Reconheço que são hoje inaceitáveis práticas e atitudes discriminatórias que, no passado, eram toleradas e não objeto de censura ou rejeição. O mundo evoluiu e ainda bem. Mas se nessa evolução não for possível preservar um margem sensata de adaptação temporal, feita de compreensão, tolerância e bom senso, o novo mundo acabará por ser perigosamente “orwelliano”.
11 comentários:
Casos semelhantes com finais diferentes ! E porquê ? Porque , apesar de uma certa classe politica portuguesa querer deitar achas na continuando a querer insinuar que os portugueses foram uns colonizadores que mataram e fizeram “ o diabo a quatro “ a esses povos do antigo “ ultramar “ , a verdade é que não foi assim , e a actualidade mostra que a amizade e carinho que essas pessoas sentem por Portugal e pelos portugueses está patente todos os dias ... não há rancor , não há ódio , não há desprezo . Continuam a haver amizades e até as brincadeiras por causa da cor da pele são prova disso ! Muitos ainda se consideram portugueses de coração . Isto quer dizer o quê ? Não acontece com mais nenhum país e a prova é o artigo que acaba de ser contado ! Houve guerra , houve , e muito feia e devastadora para os dois lados . Mas guerras sempre houve e haverá no mundo . Agora amizade entre pessoas que ainda estão vivas e foram contemporâneos nessas guerras , não acredito que exista em nenhum outro país ,
Afinal a política portuguesa não foi assim tão cruel , senão episódios como o que lemos neste post não existiriam . Mas existem com outros países .
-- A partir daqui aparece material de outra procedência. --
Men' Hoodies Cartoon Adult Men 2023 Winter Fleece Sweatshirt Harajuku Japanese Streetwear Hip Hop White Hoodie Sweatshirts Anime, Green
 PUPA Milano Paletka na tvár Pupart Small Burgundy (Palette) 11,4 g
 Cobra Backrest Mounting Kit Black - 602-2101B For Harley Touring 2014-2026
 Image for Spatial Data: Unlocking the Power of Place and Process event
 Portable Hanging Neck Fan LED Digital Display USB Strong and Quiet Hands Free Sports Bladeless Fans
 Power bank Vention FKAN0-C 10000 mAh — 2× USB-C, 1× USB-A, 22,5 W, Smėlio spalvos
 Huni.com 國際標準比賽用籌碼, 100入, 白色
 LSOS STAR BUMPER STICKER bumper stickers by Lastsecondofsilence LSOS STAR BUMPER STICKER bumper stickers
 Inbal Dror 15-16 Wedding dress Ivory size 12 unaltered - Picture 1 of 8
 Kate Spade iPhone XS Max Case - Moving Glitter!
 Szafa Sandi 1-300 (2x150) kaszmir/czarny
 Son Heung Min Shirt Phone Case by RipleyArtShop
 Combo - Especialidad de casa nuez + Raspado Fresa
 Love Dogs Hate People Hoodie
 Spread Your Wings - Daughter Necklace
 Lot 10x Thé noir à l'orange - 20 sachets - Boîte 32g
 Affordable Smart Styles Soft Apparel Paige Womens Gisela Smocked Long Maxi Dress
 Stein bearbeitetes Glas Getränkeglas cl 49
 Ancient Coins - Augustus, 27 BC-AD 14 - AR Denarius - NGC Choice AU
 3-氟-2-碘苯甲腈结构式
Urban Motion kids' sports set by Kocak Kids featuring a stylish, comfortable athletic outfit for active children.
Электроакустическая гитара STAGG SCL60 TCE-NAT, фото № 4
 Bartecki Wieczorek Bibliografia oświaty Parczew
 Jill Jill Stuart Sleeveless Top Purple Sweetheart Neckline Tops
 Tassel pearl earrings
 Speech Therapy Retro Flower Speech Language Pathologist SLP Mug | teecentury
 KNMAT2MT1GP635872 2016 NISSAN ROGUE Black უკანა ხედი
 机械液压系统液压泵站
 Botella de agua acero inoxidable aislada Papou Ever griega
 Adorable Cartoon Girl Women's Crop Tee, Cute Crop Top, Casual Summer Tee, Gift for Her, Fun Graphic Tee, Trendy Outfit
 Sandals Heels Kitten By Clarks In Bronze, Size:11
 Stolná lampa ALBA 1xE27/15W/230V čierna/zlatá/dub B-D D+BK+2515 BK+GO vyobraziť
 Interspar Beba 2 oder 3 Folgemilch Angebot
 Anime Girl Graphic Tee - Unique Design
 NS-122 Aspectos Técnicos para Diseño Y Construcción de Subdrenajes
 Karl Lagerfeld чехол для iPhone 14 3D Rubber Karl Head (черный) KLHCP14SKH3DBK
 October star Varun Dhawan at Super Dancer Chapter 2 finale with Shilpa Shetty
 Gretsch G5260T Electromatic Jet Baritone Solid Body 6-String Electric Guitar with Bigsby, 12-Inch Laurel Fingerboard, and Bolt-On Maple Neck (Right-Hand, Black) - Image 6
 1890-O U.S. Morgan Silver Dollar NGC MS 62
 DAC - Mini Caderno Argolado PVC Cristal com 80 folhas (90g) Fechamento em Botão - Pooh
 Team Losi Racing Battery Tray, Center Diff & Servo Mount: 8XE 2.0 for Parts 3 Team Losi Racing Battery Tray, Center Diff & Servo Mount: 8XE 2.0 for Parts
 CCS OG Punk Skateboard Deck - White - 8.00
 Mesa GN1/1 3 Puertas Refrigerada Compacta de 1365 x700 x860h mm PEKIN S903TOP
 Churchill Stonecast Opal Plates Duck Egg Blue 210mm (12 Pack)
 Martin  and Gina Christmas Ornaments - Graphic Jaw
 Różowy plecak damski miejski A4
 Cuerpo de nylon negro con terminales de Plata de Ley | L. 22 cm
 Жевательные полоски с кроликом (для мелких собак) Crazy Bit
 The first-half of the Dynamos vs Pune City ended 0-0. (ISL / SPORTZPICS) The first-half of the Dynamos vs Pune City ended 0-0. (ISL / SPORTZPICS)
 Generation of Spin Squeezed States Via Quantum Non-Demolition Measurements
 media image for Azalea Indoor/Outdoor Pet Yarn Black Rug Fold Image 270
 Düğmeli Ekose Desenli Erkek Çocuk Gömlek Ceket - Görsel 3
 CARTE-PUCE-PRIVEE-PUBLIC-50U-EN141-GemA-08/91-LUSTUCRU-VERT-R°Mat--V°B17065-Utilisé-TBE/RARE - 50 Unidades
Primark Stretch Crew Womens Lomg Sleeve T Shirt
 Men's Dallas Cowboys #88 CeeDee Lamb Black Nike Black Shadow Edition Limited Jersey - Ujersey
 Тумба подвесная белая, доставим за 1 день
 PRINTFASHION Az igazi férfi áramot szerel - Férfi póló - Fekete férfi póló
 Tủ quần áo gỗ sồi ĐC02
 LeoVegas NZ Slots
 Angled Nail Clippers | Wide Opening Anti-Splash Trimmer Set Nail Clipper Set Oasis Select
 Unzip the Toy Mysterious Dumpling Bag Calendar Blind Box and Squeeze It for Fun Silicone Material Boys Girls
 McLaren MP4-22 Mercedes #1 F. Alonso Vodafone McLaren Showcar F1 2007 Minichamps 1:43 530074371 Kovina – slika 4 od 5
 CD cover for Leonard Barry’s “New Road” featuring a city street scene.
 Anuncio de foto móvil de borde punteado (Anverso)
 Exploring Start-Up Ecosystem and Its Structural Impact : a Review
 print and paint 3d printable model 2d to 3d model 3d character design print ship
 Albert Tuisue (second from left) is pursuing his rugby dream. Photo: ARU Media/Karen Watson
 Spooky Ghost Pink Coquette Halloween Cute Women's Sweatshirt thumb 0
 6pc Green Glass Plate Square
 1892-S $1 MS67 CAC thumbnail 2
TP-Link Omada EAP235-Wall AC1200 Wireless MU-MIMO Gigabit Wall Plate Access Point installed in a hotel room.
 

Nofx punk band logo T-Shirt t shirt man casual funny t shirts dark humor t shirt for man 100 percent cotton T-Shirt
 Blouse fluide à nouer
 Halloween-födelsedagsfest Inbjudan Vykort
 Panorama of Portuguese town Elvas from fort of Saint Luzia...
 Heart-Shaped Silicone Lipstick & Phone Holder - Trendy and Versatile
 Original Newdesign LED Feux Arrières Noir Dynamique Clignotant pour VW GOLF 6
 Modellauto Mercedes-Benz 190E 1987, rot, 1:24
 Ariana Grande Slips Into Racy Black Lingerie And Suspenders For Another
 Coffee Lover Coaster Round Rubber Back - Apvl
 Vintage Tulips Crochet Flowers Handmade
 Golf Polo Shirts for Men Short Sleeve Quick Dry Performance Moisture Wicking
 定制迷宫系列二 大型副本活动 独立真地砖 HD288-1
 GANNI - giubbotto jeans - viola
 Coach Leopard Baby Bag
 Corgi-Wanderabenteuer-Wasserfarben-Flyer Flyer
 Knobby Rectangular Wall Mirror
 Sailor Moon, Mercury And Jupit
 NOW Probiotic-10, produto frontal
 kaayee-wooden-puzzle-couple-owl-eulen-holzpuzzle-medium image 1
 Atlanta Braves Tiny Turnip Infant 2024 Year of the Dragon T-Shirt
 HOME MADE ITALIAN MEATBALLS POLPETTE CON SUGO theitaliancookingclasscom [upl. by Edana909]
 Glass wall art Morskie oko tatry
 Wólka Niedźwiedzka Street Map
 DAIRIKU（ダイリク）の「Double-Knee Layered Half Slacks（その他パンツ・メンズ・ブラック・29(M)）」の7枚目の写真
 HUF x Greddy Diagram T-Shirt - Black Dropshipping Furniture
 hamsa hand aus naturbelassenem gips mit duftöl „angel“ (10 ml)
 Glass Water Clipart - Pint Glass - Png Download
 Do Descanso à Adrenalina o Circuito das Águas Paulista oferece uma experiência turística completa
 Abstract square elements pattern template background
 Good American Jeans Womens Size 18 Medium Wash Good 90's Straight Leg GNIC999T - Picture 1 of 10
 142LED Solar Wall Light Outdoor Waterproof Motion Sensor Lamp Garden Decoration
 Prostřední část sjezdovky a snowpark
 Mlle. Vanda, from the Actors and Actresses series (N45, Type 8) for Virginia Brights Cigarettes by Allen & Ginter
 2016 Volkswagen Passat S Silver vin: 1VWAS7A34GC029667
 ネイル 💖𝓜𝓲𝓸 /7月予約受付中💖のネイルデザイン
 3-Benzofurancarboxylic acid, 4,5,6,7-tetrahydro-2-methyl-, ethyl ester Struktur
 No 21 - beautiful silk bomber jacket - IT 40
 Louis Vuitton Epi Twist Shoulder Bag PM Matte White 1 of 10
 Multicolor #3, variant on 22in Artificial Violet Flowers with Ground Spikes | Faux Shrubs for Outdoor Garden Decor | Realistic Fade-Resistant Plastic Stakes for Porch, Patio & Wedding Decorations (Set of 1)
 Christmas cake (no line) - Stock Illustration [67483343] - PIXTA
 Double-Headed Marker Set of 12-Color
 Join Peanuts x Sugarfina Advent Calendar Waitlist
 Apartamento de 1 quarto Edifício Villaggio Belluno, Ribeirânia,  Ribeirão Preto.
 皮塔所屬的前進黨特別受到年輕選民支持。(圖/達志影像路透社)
Xenofobia ? Talvez . Mas noutros países . Cumprimentos
Atendendo a que o seu amigo é angolano, o PC não exige o "afrodescendente". Já o artificial "negro" podia ser ´substituído por "preto", palavra de igual valor e que os polícias do PC querem, à viva força, penalizar. Ninguém diz - convenhamos -, "Que belo rabo o daquela... negra", pois não? Ups... sexismo.
NOTA: PC = "politicamente correto"
Bernardo Silva, o futebolista português, também está no centro de uma polémica por ter chamado "conguito" a um ex-colega preto. Dá-se o caso de os dois serem muito amigos e terem por hábito trocar piadas. A "vítima" não só achou graça como ainda prometeu "vingança". Entre os dois, só risos - para os polícias do PC, só "crime"...
As cataratas do Niagara estão sempre a cair. Sem parar.
Quando a cantina reabriu este setembro encontrei a cozinheira, que é negra, e disse-lhe "vê-se mesmo que esteve na praia!", e ela retorquiu "estou escurinha, não é?".
(A pobre mulher evidentemente não esteve na praia, passa as férias em casa num bairro da Amadora.)
Nem mais!
Se o sr era negro e afro-descendente ,o sr embaixador seria euro-descendente e alvo. Acho eu que pura simplesmente diria e era mais fácil um preto acompanhado dum branco-
A censura é mesmo apertada : ou estás comigo ( politicamente ) ou estás contra mim !
É pena que assim seja , mesmo que o opositor não seja ofensivo nem mal educado . Pensava que a censura tinha acabado , com a extinção da Pide . Ou então estou enganado e é só um atraso na publicação ...
Perfeito. Discordo em grande parte do que escreve mas desta vez tem toda a razão.
eu sempre tive amigos , alguns mesmo do peito , pretos . a ofensa está no como se diz e não no que se diz . essa de chamar negro a um preto ( são sinónimos , não são ? ) nunca me caiu bem
Absolutamente de acordo com o facto de o "affaire Trudeau" ser uma tempestade num copo de àgua.
Se o politicamente correto não for combatido acabamos mesmo no 1984.